**Provided records**

----

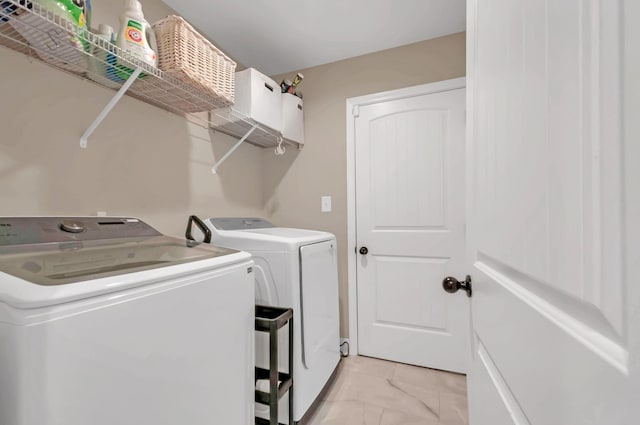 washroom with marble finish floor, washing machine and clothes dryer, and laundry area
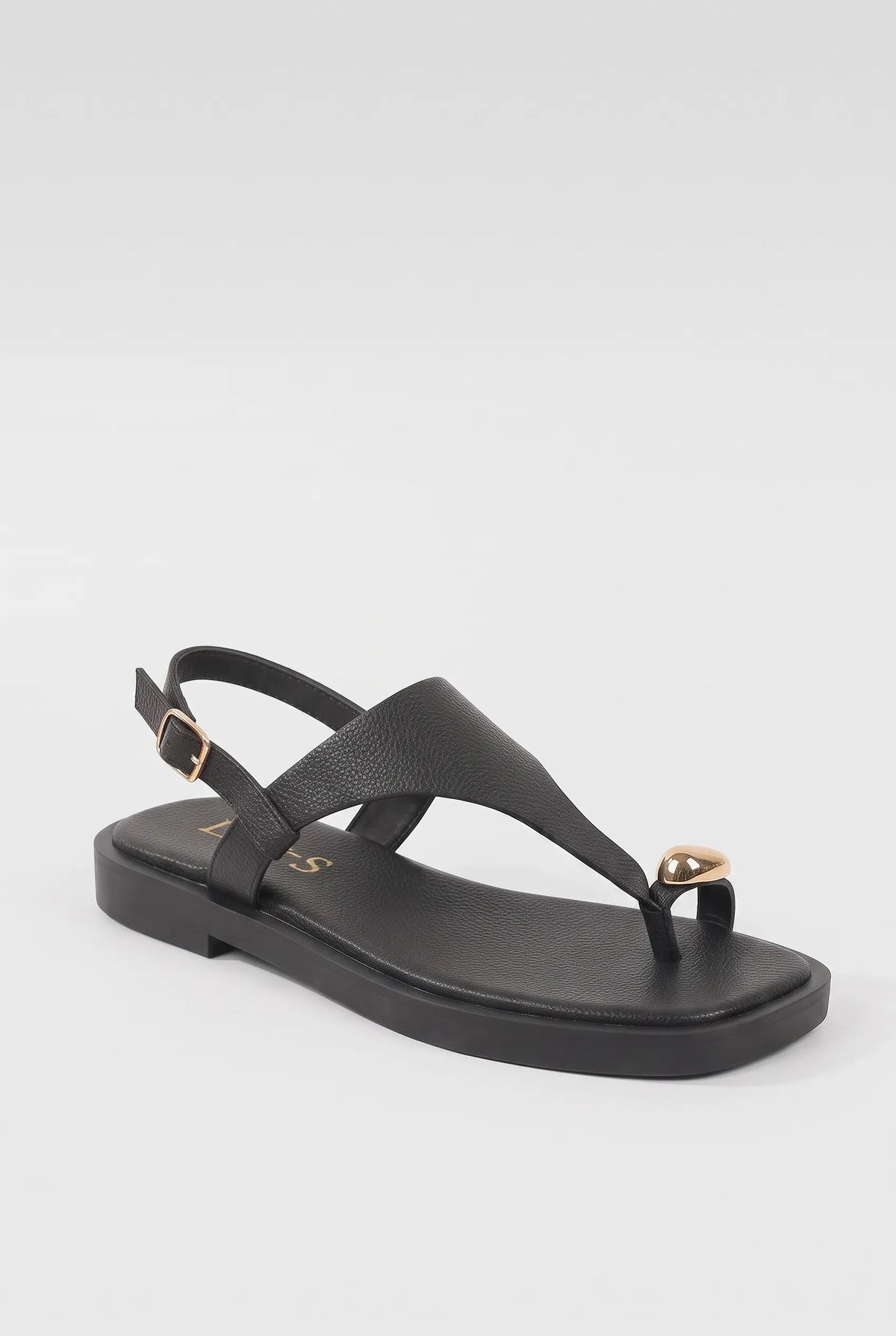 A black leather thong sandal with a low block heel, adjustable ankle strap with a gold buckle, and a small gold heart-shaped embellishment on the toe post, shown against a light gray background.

----

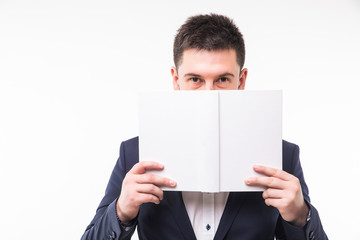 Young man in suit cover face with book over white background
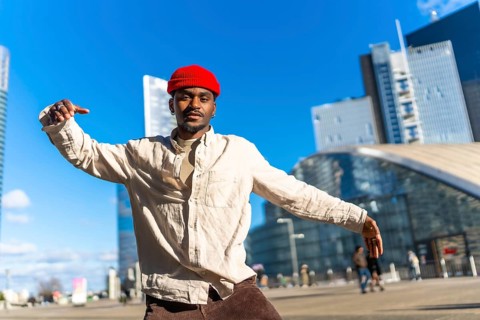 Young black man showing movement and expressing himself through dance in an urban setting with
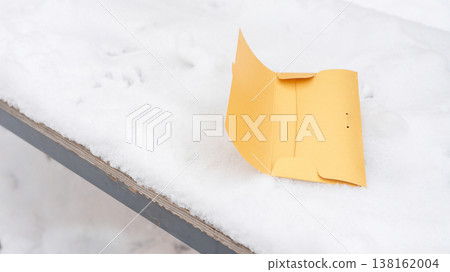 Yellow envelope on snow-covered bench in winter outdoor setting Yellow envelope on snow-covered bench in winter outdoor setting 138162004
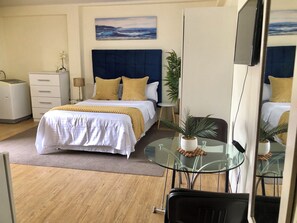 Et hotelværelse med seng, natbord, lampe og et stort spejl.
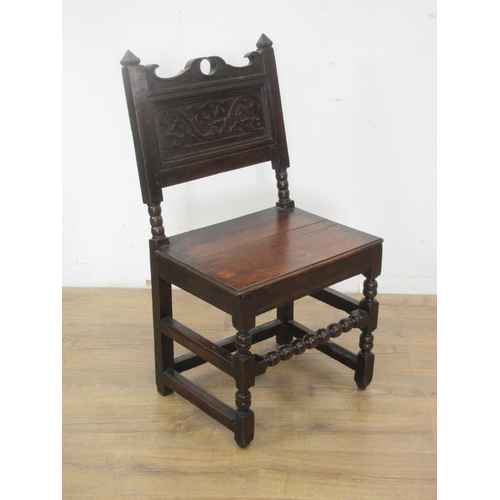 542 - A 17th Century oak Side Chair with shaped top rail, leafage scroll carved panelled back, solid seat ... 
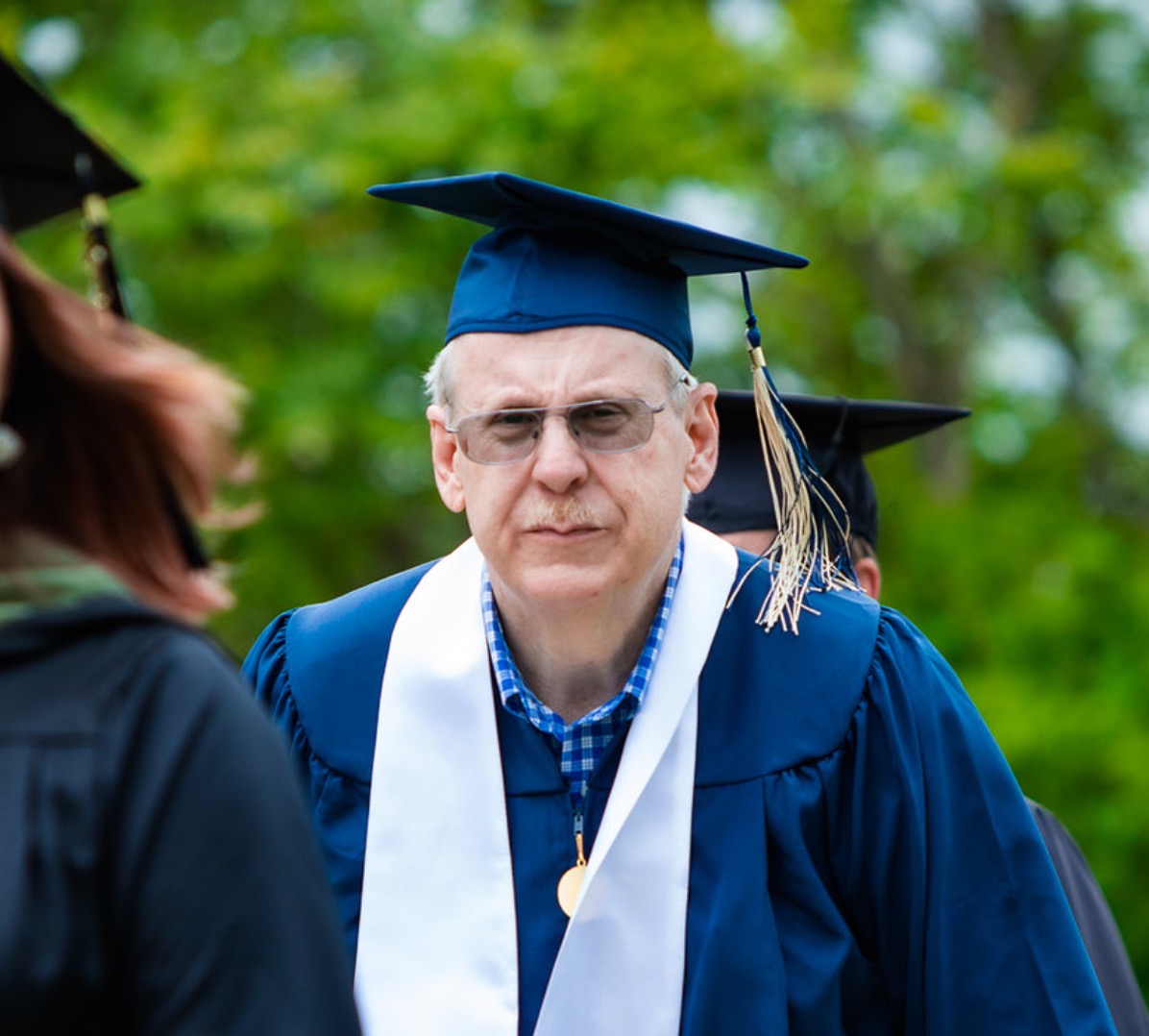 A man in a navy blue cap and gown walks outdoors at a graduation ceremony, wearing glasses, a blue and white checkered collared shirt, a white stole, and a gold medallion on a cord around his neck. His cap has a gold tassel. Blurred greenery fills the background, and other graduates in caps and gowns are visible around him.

----

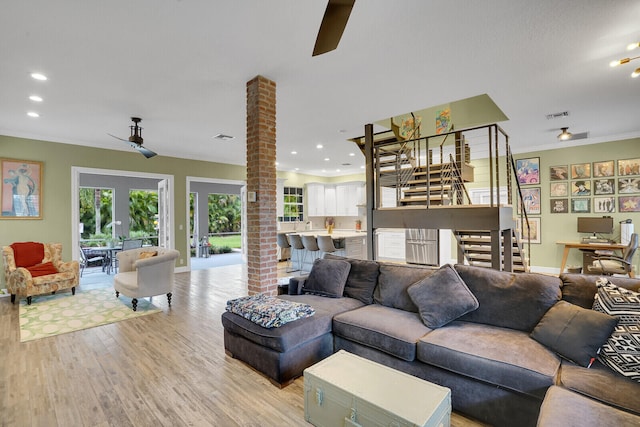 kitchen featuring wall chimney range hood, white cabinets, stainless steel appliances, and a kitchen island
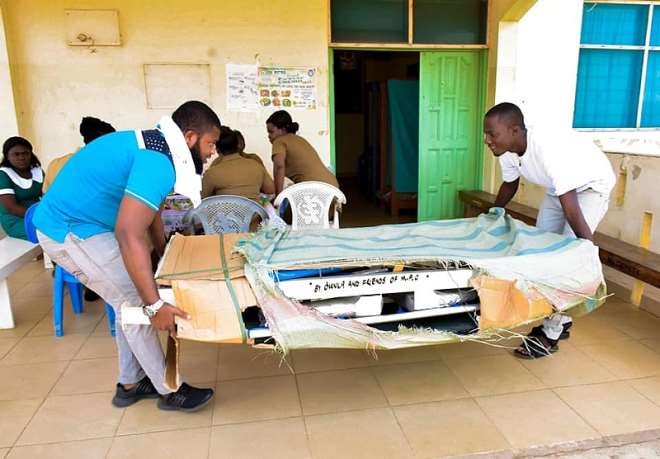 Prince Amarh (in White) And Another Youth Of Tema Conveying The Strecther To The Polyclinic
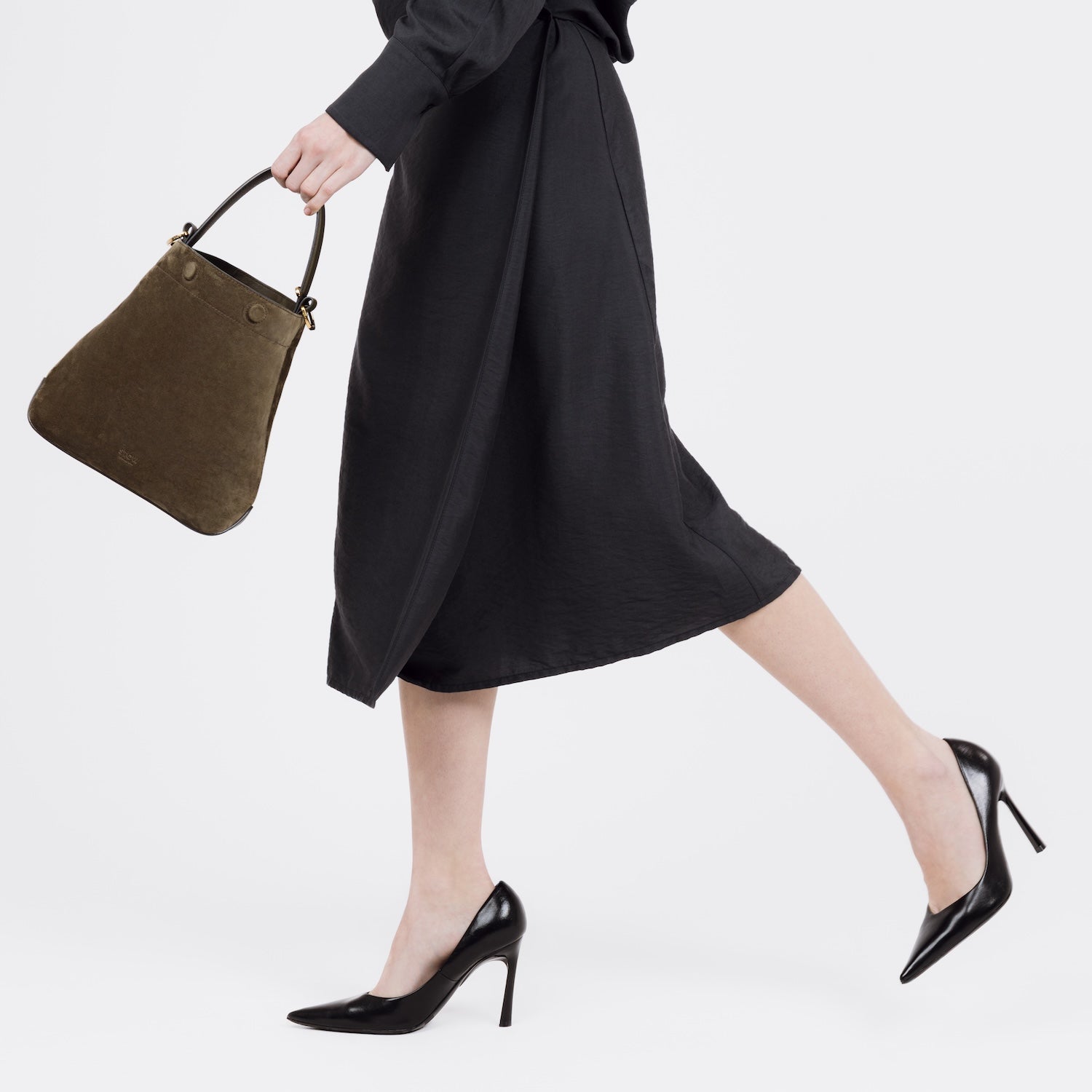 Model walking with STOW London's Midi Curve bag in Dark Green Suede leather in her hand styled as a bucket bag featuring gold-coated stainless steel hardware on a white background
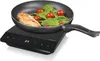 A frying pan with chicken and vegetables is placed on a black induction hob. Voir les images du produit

----

**Task statement**
Range to copy from the records above: the line containing "Young man in" to the line containing "A man in a navy", both included. Output those lines exactly and only those, skipping pictures.

**Exercise solution**
 Young man in suit cover face with book over white background
 Young black man showing movement and expressing himself through dance in an urban setting with
 Yellow envelope on snow-covered bench in winter outdoor setting Yellow envelope on snow-covered bench in winter outdoor setting 138162004
 Et hotelværelse med seng, natbord, lampe og et stort spejl.
 542 - A 17th Century oak Side Chair with shaped top rail, leafage scroll carved panelled back, solid seat ... 
 A man in a navy blue cap and gown walks outdoors at a graduation ceremony, wearing glasses, a blue and white checkered collared shirt, a white stole, and a gold medallion on a cord around his neck. His cap has a gold tassel. Blurred greenery fills the background, and other graduates in caps and gowns are visible around him.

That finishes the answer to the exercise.